*** INPUT DATA ***

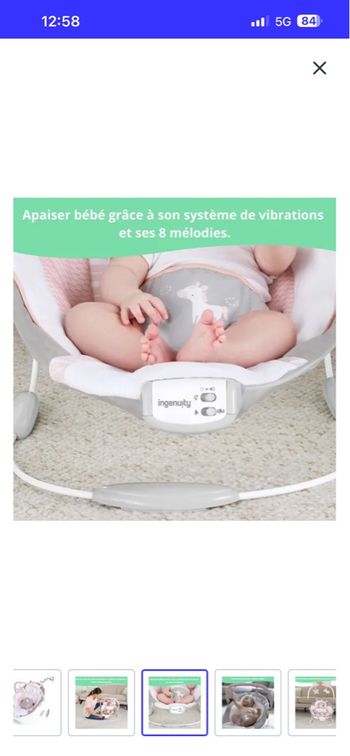 Transat bébé 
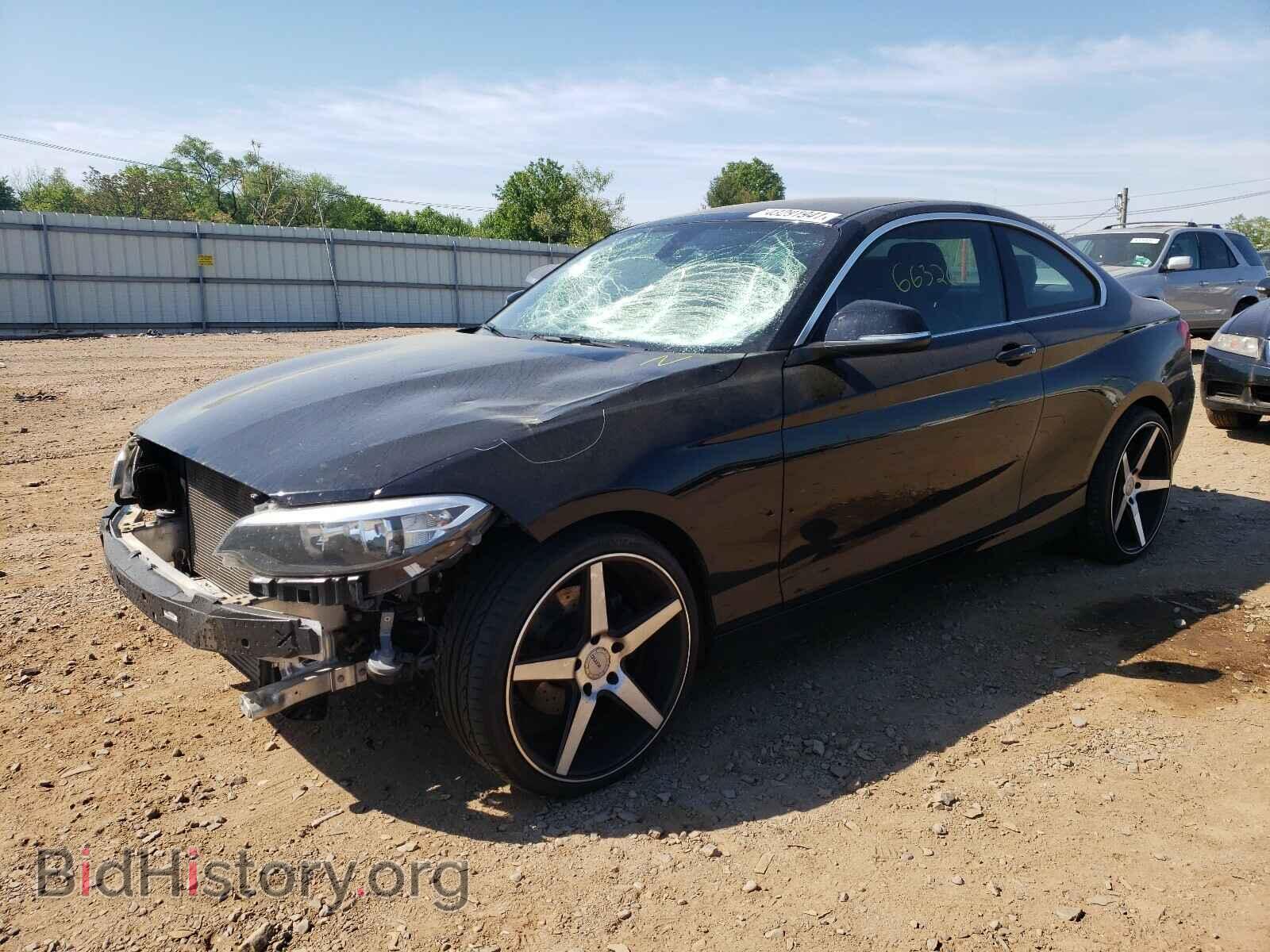 2014 BMW 2 SERIES - VIN: WBA1F5C56EVW98113 - Фото 2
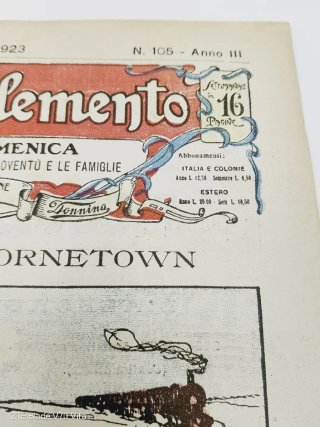Il supplemento della domanica 1923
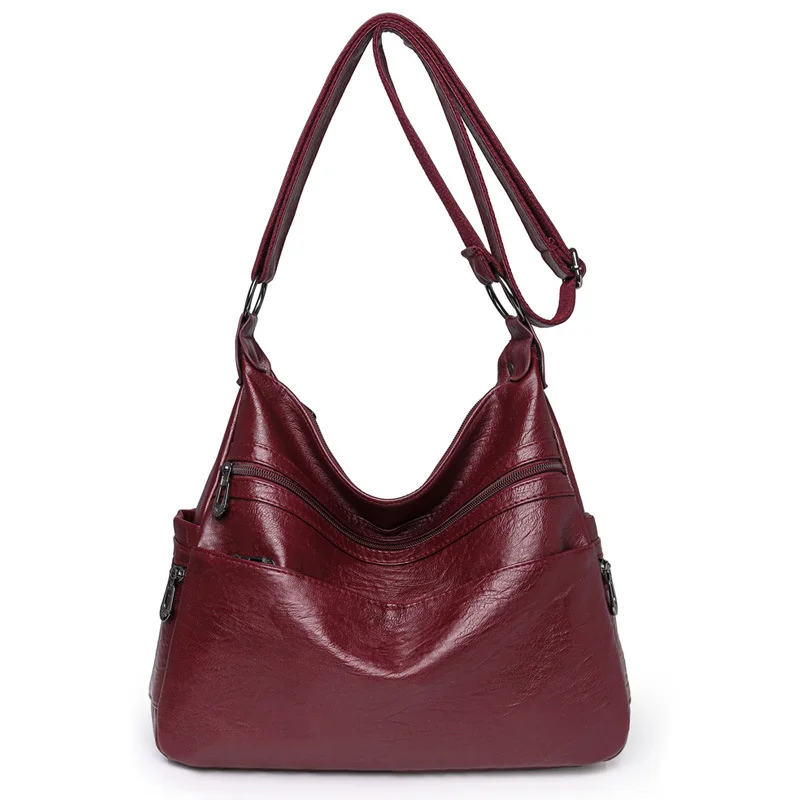 New Fashion Soft Leather Women's Bag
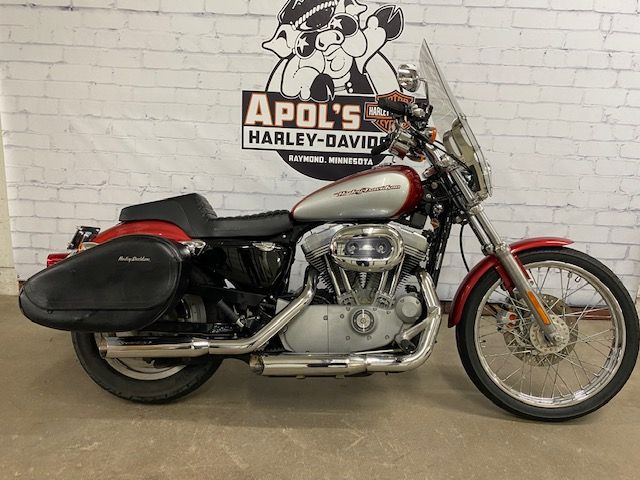 2004 Harley-Davidson Sportster® XL 883 Custom in Alexandria, Minnesota - Photo 1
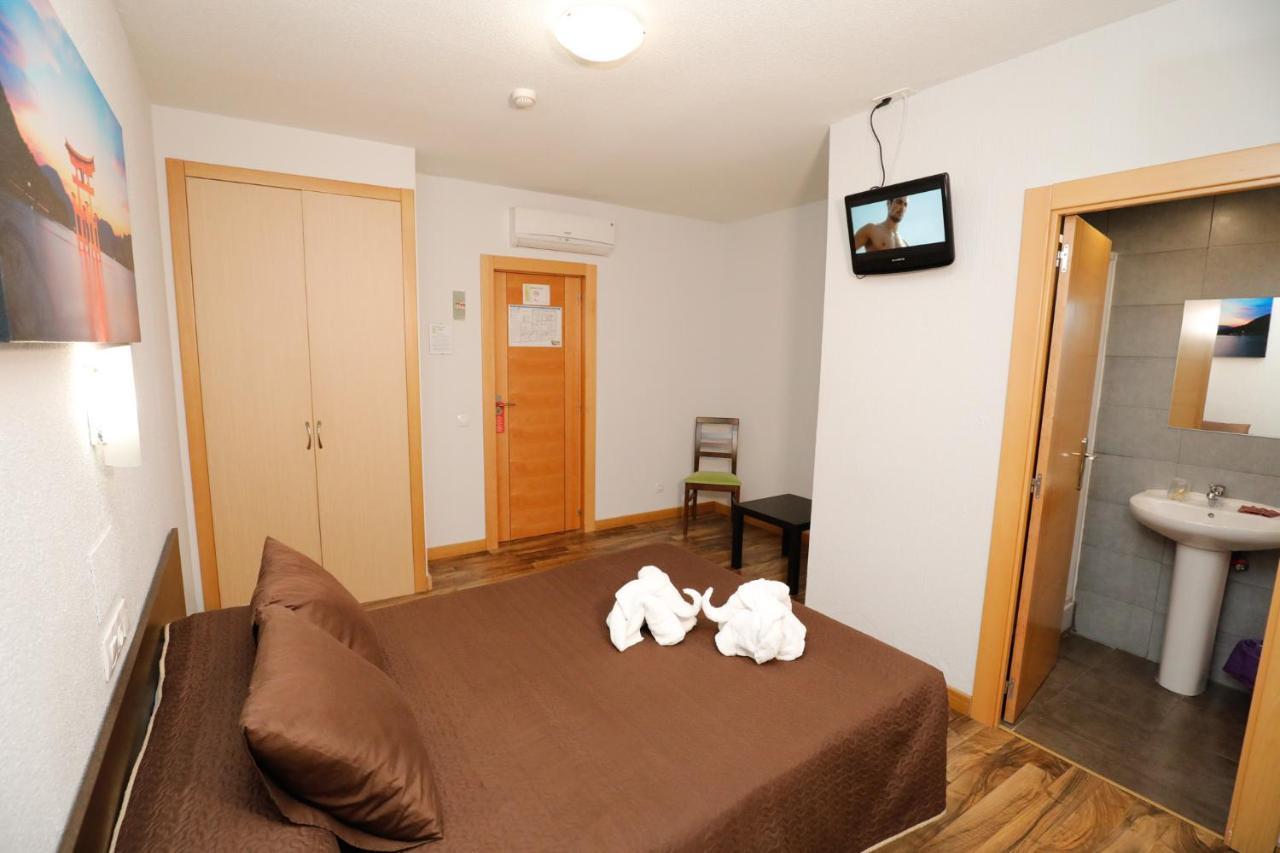 סלאמנקה Hostal Conde David מראה חיצוני תמונה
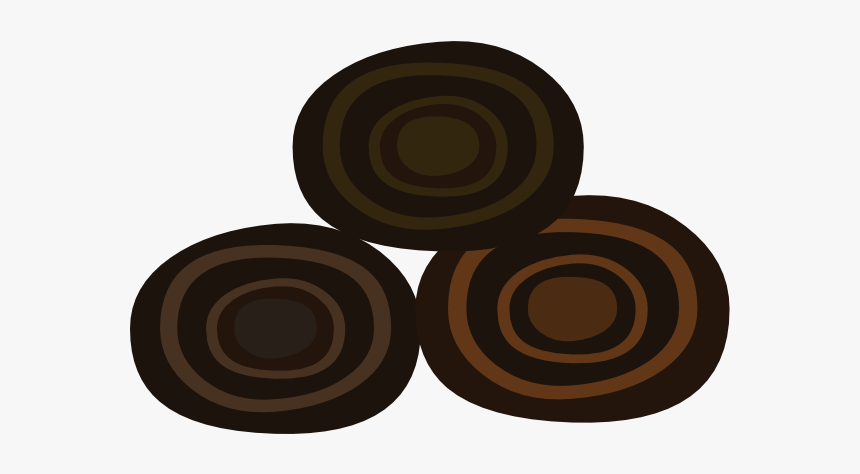 Firebog Log Pile Svg Clip Arts - Circle, HD Png Download, Free Download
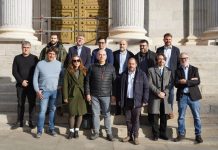 Iniciativa pol Asturianu participó na rueda de prensa sobre la Proposición de Llei Orgánica de garantía del plurillingüismu y de los drechos llingüísticos énte les instituciones del Estáu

*** End of INPUT DATA ***

Leaving out every picture, transcribe exactly the lines from the line that contains "סלאמנקה Hostal Conde David מראה חיצוני תמונה" through the final line of the entries above.

[REPLY TO THE TASK]
 סלאמנקה Hostal Conde David מראה חיצוני תמונה
 Firebog Log Pile Svg Clip Arts - Circle, HD Png Download, Free Download
 Iniciativa pol Asturianu participó na rueda de prensa sobre la Proposición de Llei Orgánica de garantía del plurillingüismu y de los drechos llingüísticos énte les instituciones del Estáu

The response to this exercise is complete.